Exercise directions -> Leave out the pictures and output the data verbatim.

Information shown ->
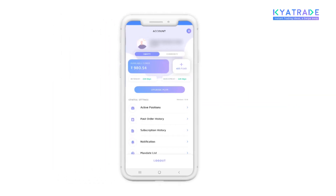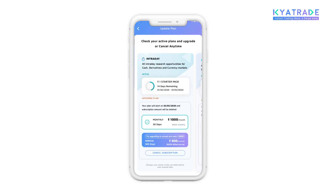Here, you will find your existing and upcoming Caretrade plan details. Please note that you can only cancel your upcoming plan.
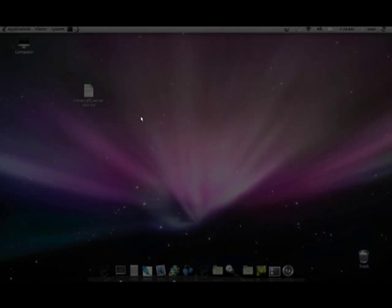Hello, in this video I'm going to be showing you how to play Minecraft on Linux. This is Ubuntu 11.04.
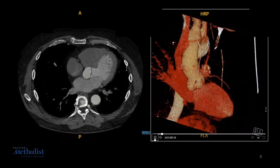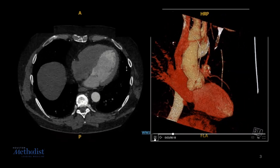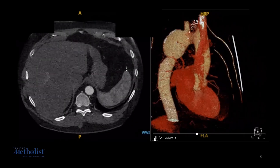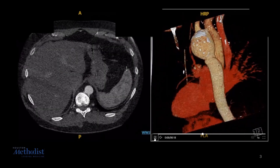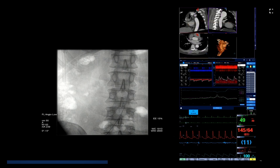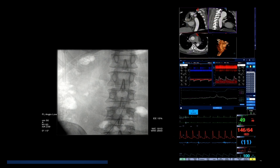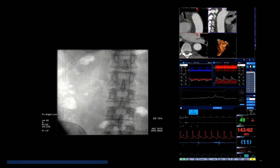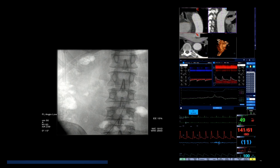You can see a 3D reconstruction of the CT on the right. TCD is the only intraoperative monitoring method that provides real-time information about the extent of embolization into the brain from the aortic arch during endovascular procedures. High-intensity transient signals, or HITS, suggest air and particulate emboli flowing through the monitored vessels.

Response for this exercise ->
Here, you will find your existing and upcoming Caretrade plan details. Please note that you can only cancel your upcoming plan.
Hello, in this video I'm going to be showing you how to play Minecraft on Linux. This is Ubuntu 11.04.
You can see a 3D reconstruction of the CT on the right. TCD is the only intraoperative monitoring method that provides real-time information about the extent of embolization into the brain from the aortic arch during endovascular procedures. High-intensity transient signals, or HITS, suggest air and particulate emboli flowing through the monitored vessels.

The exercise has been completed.